Pure in campo letterario il tema di “Fortune” ha lasciato molte tracce nel tardo rinascimentale e nell’arte barocca. Ad esempio, nell’opera teatrale pastorale tardo-elisabettiana “The Maid’s Metamorphosis” (La Metamorfosi della Cameriera) (1600), dove il personaggio di Joculo ne canta in apertura. O ancora in “Tom Essence or The Modish Wife” (1677) di Thomas Rawlins dove è Laurence a rivolgersi alla sua dolce metà in questo modo: “…solamente cantare una volta Fortune my Foe e due volte essere ubriaco ti farà uscire dal mio cuore e addio a Vostra Signoria…”.

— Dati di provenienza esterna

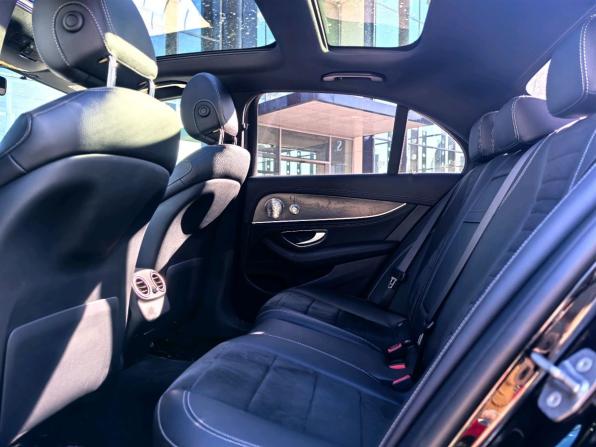 Mercedes-Benz E-Класс V (W213 S213 C238) с пробегом 2017 года, цена 3 690 000 рублей, 76170 км, седан, Автокод Объявления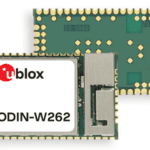 u-blox ODIN-W262 Bluetooth and Wi-Fi module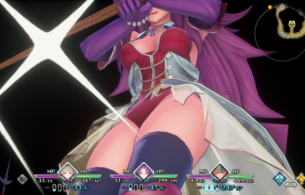 『聖剣伝説3』裸にひん剥かれて乳首や性器まで作られてエロすぎる全裸になるエロMOD！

Il Sonetto a contrasto amoroso..
Si tratta di un sonetto su peccato e pentimento che contiene al suo interno un “lamento” e una “risposta”, un dialogo a contrasto tra virile miseria maschile e forza femminile[1].

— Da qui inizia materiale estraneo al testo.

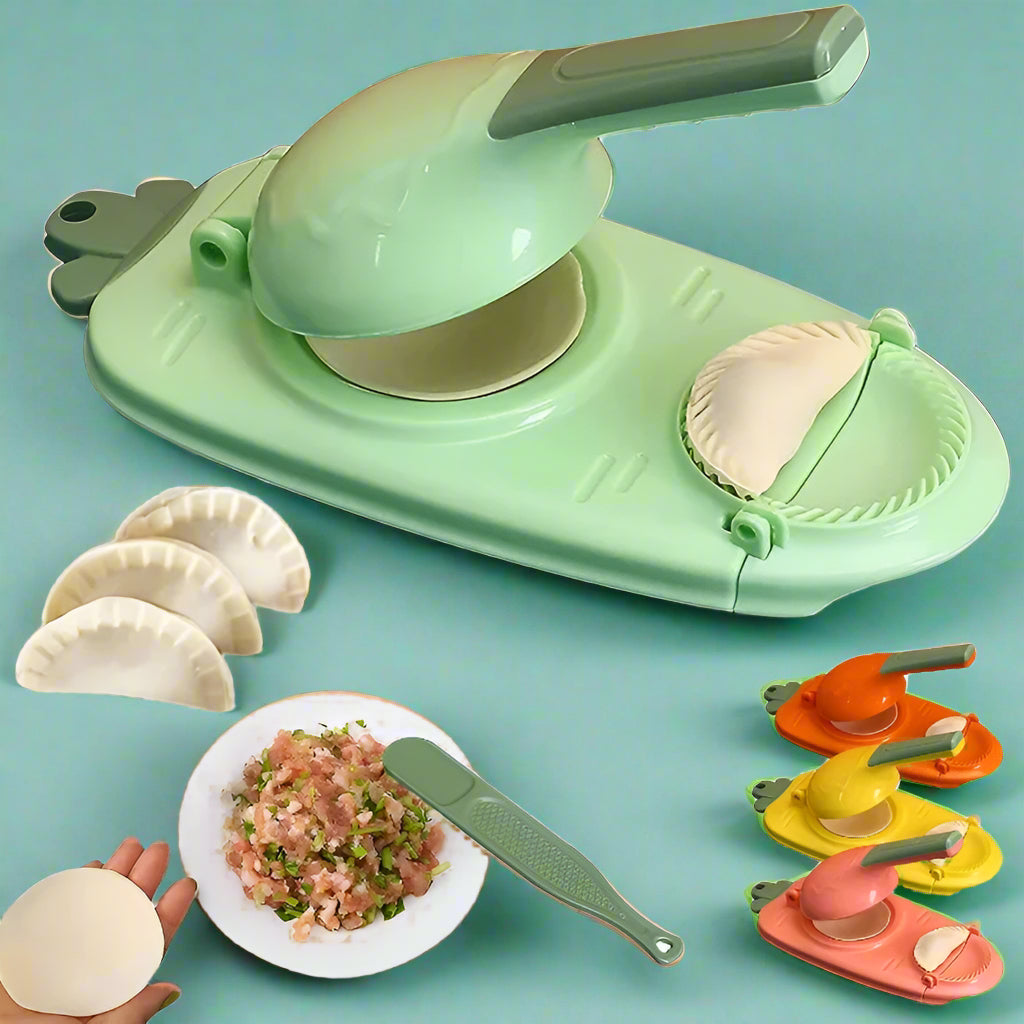 Dumplingtillverkare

E’ un inno all’amore “resistente” (…la fortuna non potrà, con tutto il suo potere e la sua abilità, costringere il mio cuore a pensar male di te…).
I pericoli del peccato e il conseguente bisogno di ravvedersi, come si sa, sono stati sempre temi ricorrenti in innumerevoli situazioni religiose al fine di garantirsi l’immortalità dell’anima. Così come in quelle meditative sulla transitorietà della natura umana e dell’esistenza terrena; alle quali la melodia di “Fortune” offre occasione di messa in guardia contro spergiuri o ingiustizie, citando nelle ballate all’occasione:
– la morte oscura di svariati eminenti giudici e gentiluomini come monito ad amministrare la giustizia in maniera equa.

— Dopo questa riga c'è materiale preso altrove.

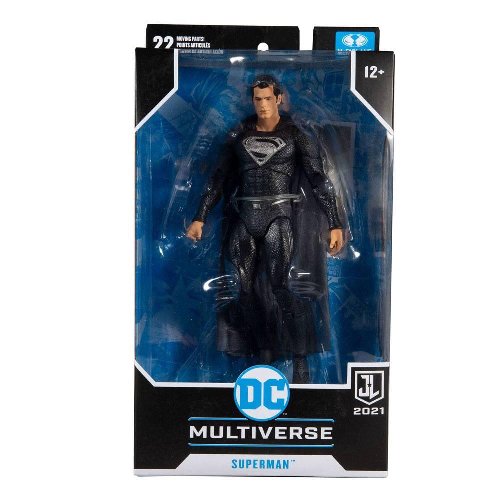 DC Justice League - Superman Action Figure
(18cm)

– l’aspro incontro in sogno di un cadavere e dell’anima immortale che precedentemente lo abitava, con entrambi che si accusano vicendevolmente della dannazione subita dopo la morte.
– un uomo che espresse un’opinione giurando di non mangiare mai più se la sua non si fosse dimostrata verità e morì soffocato giusto al pasto successivo.
– un lamento su come i ricchi vengano meno ai propri caritatevoli doveri verso chi è più povero, sfortunato e sofferente di loro, esortandoli a seguire piuttosto l’esempio di Gesù.
..e le varianti satiriche, storiche, simboliche
Scrittori dell’epoca, consapevoli della vasta e sempre più crescente risonanza della canzone, riscrissero le battute del testo adattandole a circostanze anche a sfondo comico o satirico. Una ballata narra in lettere nere, della storia del tradimento di un gentiluomo medievale, celando abilmente tra le righe una critica all’allora politica parlamentare. Interessanti risultano però soprattutto quelle che trattano argomenti storici, come quella che narra della morte di Re Giovanni avvelenato da un monaco e tra le molte altre, in succinta sintesi:
– la celebrazione delle vittorie di Mountjoy contro il conte di Tyrone e i suoi alleati spagnoli in Irlanda, con ringraziamento a Dio per aver combattuto dalla parte inglese.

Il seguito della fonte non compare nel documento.